A dark-haired woman in a white blouse and gray skirt comes rushing in. She speaks to me in Portuguese, telling me to come quickly. I follow her to another floor below that has no windows. It is dark, damp-smelling, and apparently safe, at least for now. She tells me to wait here, then rushes out as quickly as she appeared. I wait quietly in the dark, my heart pounding. The only sound now is that of my own breathing. I awaken here, and the sense of menace slowly dissipates.

Monday, April 6, 2009

last night: was very excited & curious to find self in n korea. wandered around among a lot of buildings atop huge hills, led to by vast gray sets of stairs. perfect & gorgeous constructivist-style pyongyang extending in all directions. then the thought, "but I warned Qingshan not to come to north korea, because what if he couldn't leave?" became concerned that I'd be mistaken for a spy. then met a deranged middle-aged american women holding a bundle of wild-colored balloons afoot some govt ministry building. can't remember what she said, but unsettling. first two things I saw when I woke up: (1) text message Qingshan had sent me in the night from china, which read "This truly is a huge, huge country with a long, long history"; (2) news reports of Obama's speech about nk rockets.
My son and I were watching what appeared to be a very large black TV screen.

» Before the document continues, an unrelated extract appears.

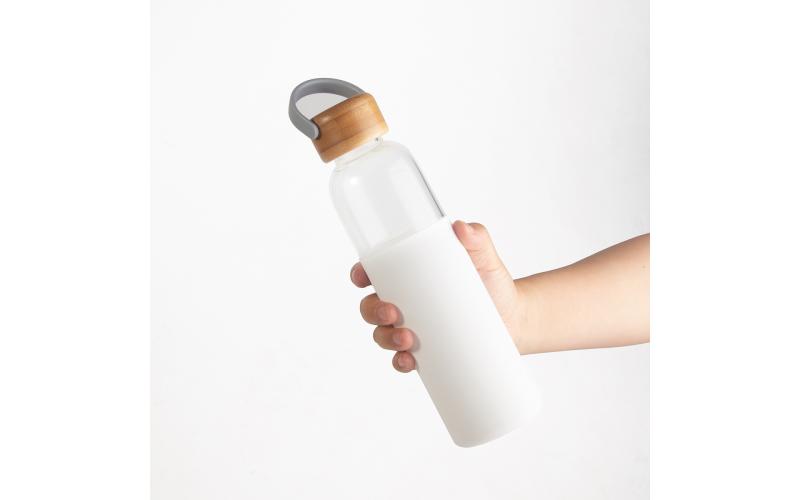 Szklana butelka Refresh 560 ml, biały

On it they were diagramming a new NASA project, a space station for actors. We watched as the house where the actors would live out in space, glided inside another glass structure that was something like a glass box. The house and the box were both made entirely of glass. I commented to my son that the glass was for the sake of a 360 degree view in outer space.

Then we were standing outside the glass house, waiting for a tour. Another person came up to join us for the tour. Quite suddenly he was inside and we were still outside. We knocked on the glass wall saying—you forgot us. The NASA scientist said he couldn't let us in. I screamed back at him, at the top of my lungs—and what are we, chopped liver?

Saturday, April 4, 2009

"Hold out your hand," I say. "I have what you need." My directness alarms you.



I hold up my left hand, and a liquid red cord spills from my fingertips. "See - a scarlet penumbra," I say, drawing out the "num" and feeling the palpability of the syllable on my tongue.



I drop the cord into your open right palm. Although you say nothing, I can see that its substantial weight and warmth surprise you. I take one end and wrap it around your little finger.



"There," I say emphatically, "you know what to do," and awaken here.